RECORD-SETTING FIGURES: In St. Louis, Joe Strauss reports the Cardinals' payroll is a "franchise record for the start of a season." Cardinals GM John Mozeliak said that the payroll figure "squared with a projection" made by himself and Chair Bill DeWitt Jr. after last season. Mozeliak: "It was all about allocation. Both Bill and I realized it was going to take a large investment to change the dynamics of what we were doing" (ST. LOUIS POST-DISPATCH, 4/1)....In Milwaukee, Tom Haudricourt noted 1B Prince Fielder and P Zack Greinke combine for "nearly 33% of the Brewers' franchise-record" payroll. Fielder's $15.5M salary is the "highest single-season salary in club history" (MILWAUKEE JOURNAL SENTINEL, 3/31).
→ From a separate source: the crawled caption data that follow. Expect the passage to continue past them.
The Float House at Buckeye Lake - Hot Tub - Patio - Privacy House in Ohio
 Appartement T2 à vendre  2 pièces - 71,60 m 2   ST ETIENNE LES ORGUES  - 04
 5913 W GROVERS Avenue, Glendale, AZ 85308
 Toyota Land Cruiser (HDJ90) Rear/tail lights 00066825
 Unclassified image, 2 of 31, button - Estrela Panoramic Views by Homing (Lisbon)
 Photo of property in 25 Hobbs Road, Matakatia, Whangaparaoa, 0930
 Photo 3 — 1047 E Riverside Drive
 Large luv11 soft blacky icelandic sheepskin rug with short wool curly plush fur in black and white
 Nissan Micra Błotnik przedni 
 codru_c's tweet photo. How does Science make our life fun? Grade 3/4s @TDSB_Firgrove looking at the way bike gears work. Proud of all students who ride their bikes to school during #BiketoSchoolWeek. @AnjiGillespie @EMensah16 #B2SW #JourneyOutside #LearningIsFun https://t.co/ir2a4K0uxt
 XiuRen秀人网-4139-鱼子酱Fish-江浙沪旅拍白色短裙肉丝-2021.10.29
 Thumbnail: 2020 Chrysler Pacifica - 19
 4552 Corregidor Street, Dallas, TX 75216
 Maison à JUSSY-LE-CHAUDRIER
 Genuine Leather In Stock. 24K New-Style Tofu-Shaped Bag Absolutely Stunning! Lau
PAYROLL COULD GO UP: D'Backs President & CEO Derrick Hall sat for a Q&A with the ARIZONA REPUBLIC's Nick Piecoro and was asked whether the team would increase its payroll "if things go the way you anticipate things going this season budget-wise." Hall said, "Anything we do -- there are other streams I'm looking at right now to increase revenue -- that's going to go right into the product on the field and go into major league payroll. If we are successful this year and if our revenues are strong, at least on projection, if we're in a position where we need to make moves, we're going to do it and add to the payroll" (ARIZONA REPUBLIC, 4/1).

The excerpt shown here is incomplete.